Many times when I present programs or seminars on the topic of personal branding, someone in the room apprehensively raises their hand and asks, “Are you suggesting I change who I am to be more successful at work?”
Not at all. Personal branding is not about changing you or your beliefs, values or identity. Your brand sits in your identity, and is expressed through your behavior. Your behavior is often affected and driven by the role that you serve – boss, mother, wife, colleague or student, for instance. Your identity and your role are separate, although they intersect and overlap.
Clear as mud?
Let me put it another way. Your identity is who you are – it is the culmination of your values, beliefs, goals, dreams and passion. It defines you. If your identity changed, you would not be you as we know you.
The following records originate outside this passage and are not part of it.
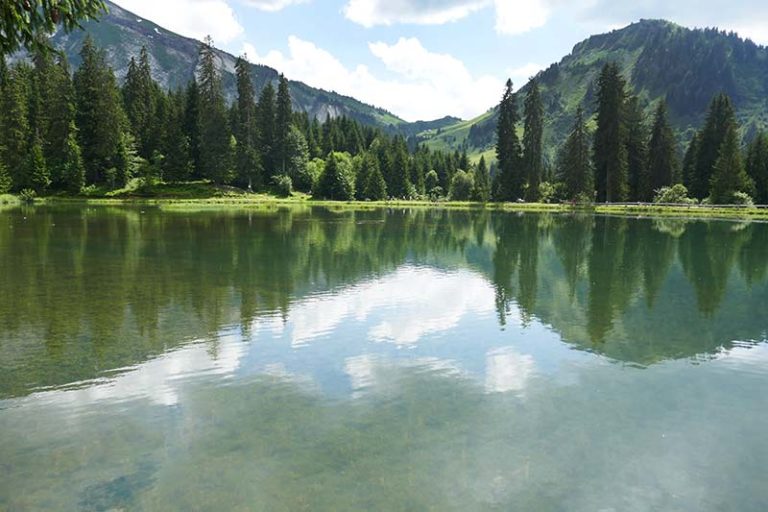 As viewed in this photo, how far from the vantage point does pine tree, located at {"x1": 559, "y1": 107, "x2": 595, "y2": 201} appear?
304 feet

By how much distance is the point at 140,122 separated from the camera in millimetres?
112000

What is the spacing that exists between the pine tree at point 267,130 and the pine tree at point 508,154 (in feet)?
168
Your roles, however, do change. We go from being a boss to being unemployed; from a mother to a stepmother; from a husband to a divorcee. Many of those roles are outside of our control.
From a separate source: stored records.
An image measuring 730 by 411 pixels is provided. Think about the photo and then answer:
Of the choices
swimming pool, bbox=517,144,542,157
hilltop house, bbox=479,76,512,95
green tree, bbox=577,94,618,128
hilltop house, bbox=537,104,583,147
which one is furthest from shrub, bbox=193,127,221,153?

Your identity and how you show up in the world is within your control. You can control what you make of your past, how you express your experiences, and how you share your expertise. That is all within your power. How you behave and express your identity is where others form perceptions about you – as someone who is trustworthy, passionate and loyal or as someone who is fearful, not confident and suspicious. Perception is formed on behavior using what we know and how we feel.
I recommend you take the pressure off believing you must change who you are to effectively manage and drive your compelling and valuable personal brand. You are who you are and that’s the beauty of it all! As your roles change and evolve over time, you learn how to maximize the value of your contribution, and minimize the negative (and less desirable) aspects of who you are and what you’ve done.
Have you seen times where your role and your identity overlap or conflict? I’d love to hear about them.